● **TASK PROMPT**
Could you print, exactly and without pictures, only the lines from the one with "Cortes_Eduoard_Paris_Cafe_de_la_Paix Poster Canvas" through the end of the records below?

● **RECORDS**
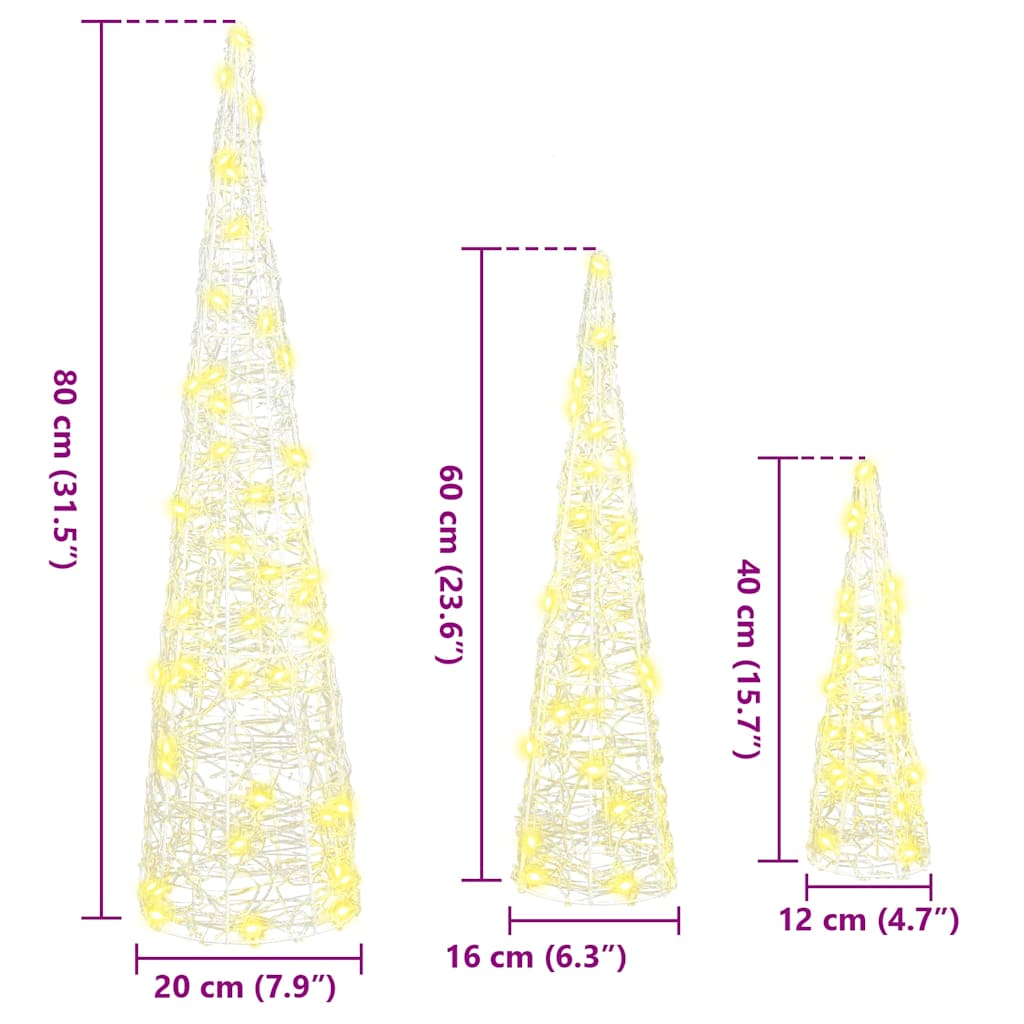 Juletre Med 90 Led 3 Pcs Varmhvit 20 X 20 X 80 Cm Akryl
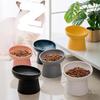 Ceramic Slanted Cat Bowl, High-Sided for Cervical Spine Protection, One-Piece Design.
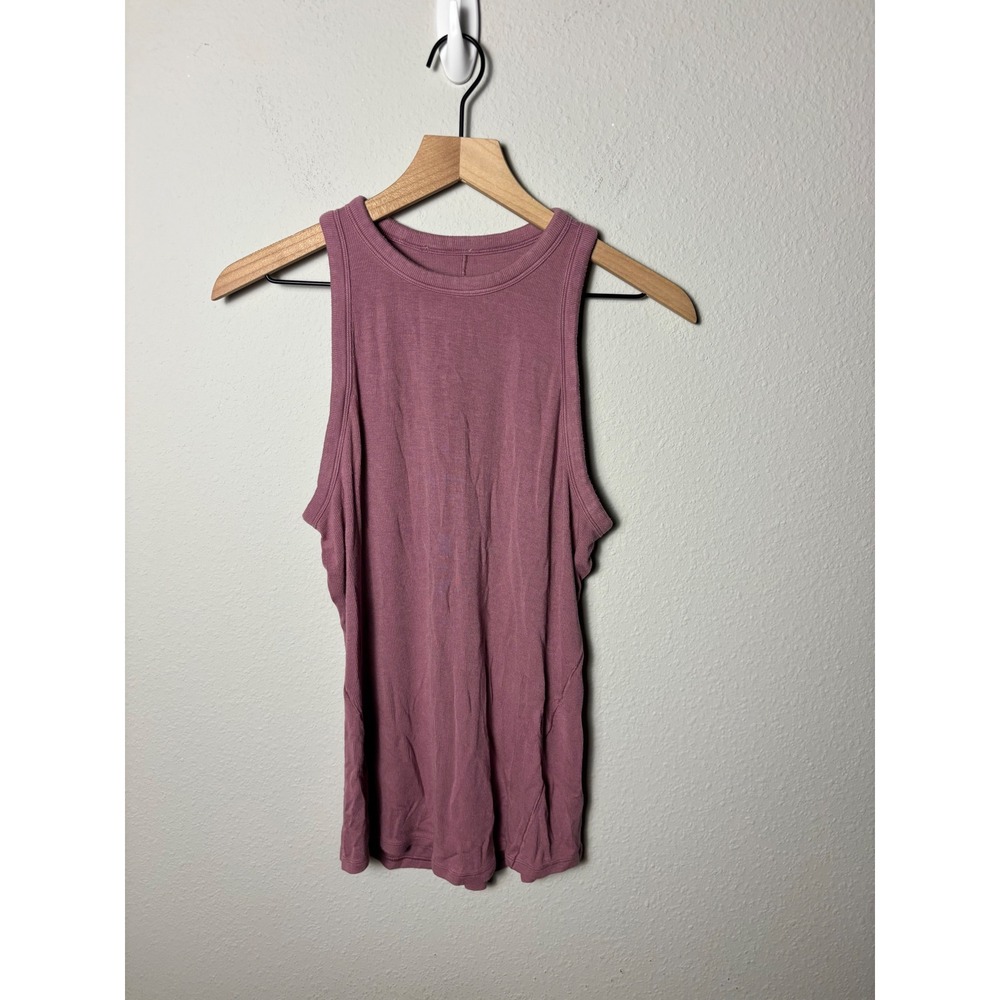 Lululemon Hold Tight Crewneck Tank Top Pink Orchid Ribbed Sleeveless Size 14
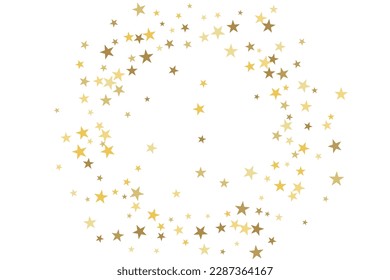 Gold star-confetti fall on a white background. Illustration of flying shiny stars. Decorative element. Luxury background for your design, cards, invitations, gift, vip. 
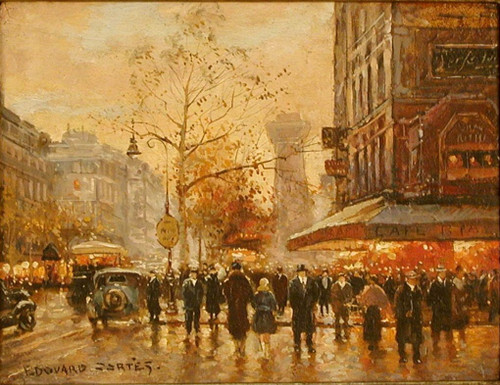 Cortes_Eduoard_Paris_Cafe_de_la_Paix Poster Canvas Print Art Painting Decor Repr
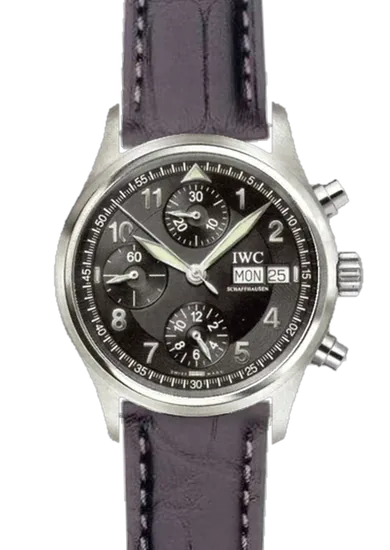 Pilot IW3706-15 con Correa de cocodrilo negro mate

● **RESPONSE TO THIS EXERCISE**
 Cortes_Eduoard_Paris_Cafe_de_la_Paix Poster Canvas Print Art Painting Decor Repr
 Pilot IW3706-15 con Correa de cocodrilo negro mate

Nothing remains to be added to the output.